The immediate roadblock that most manual tests encounter is being unable to test datasets completely and ending up with limited test coverage. This can be fine when identifying large scale issues, for example invalid type casting, which would affect the majority of rows in the dataset. However, having limited test coverage will often fail to identify edge cases in data quality issues, such as failed conversions of uncommon specific date/time values or data truncation of floating point numbers . Additionally when working with unreliable datasets with data quality issues in the source data (e.g. typos), limited test coverage just does not give you assurances that your data is clean. 

Custom Notebooks and Ad-Hoc Testing 

Suppose that you write tests in a notebook to automate their execution and achieve full coverage. While this brings you one step closer to your desired outcome, you would still need to address the remaining limitations that this introduces.

Creating individual custom notebooks for each dataset in your lakehouse will quickly result in a lot of ad-hoc created notebooks, which do not adhere to any standard (consistency being key when operating at scale). These notebooks are likely to test similar things resulting in a lot of different code doing the same job, violating the “Don’t Repeat Yourself (DRY)” principle. Such ad-hoc development will lead to a set of dependencies which are unlikely to be maintained, wasting developers’ time and cluttering repositories (First Law of Kipple).  As a consequence, this approach incurs a hidden cost in the form of technical debt, where the initial convenience of rapid development transforms into long-term challenges in maintenance and efficiency.
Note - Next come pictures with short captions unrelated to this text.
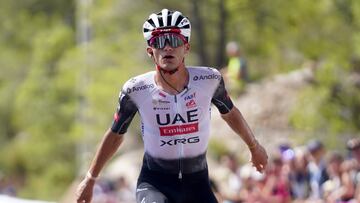 Isaac del Toro celebra su victoria en la Ermita de Mig Camí de Tortosa.
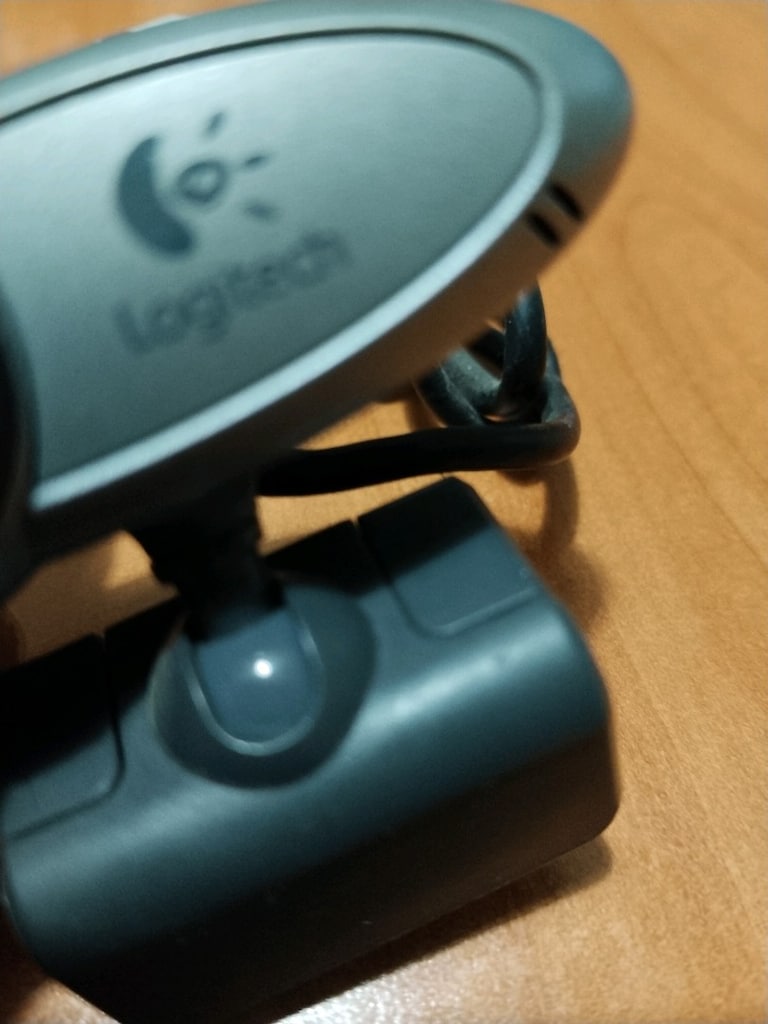AZ KULLANILMIŞ LOGİTECH MARKA BİLGİSAYAR KAMERASI - 2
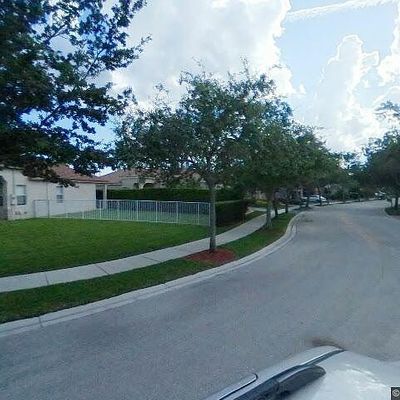 1757 Aspen Ln, Weston, FL 33327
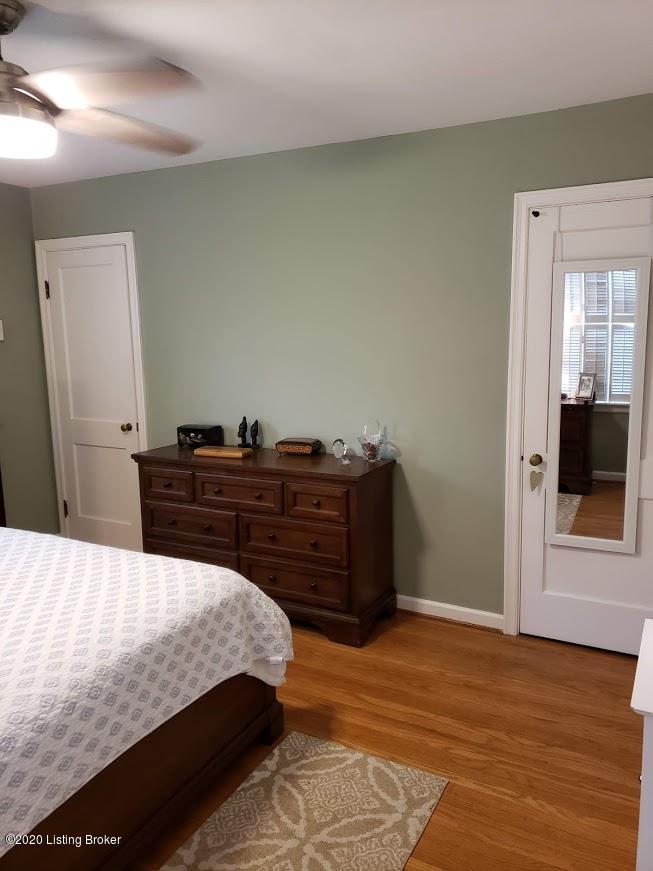 204 Alcott Road Louisville, KY 40207 - Photo 21 of 48 all master closet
These kinds of custom testing notebooks can be more challenging to incorporate within CI/CD processes, require significant additional documentation, and necessitate additional development time to scale out to suit all the tables within a dataset or even need more performance optimisations to run on certain tables fast enough. 

Transforming Towards Automation

Regression Testing and Data Quality Trends

Suppose now we have a set of standardised notebooks that adhere to the same principles and are developed in the same style. Now when we introduce any changes to our code, we will have to rerun these notebooks to get the new test results. We also want to be able to log the results so we can access that information in the future (or isolate when we might need to time travel too). Hence a testing framework needs to be able to execute testing notebooks repeatedly and reliably such that we can perform regression testing and include logging information so we can monitor data quality tests.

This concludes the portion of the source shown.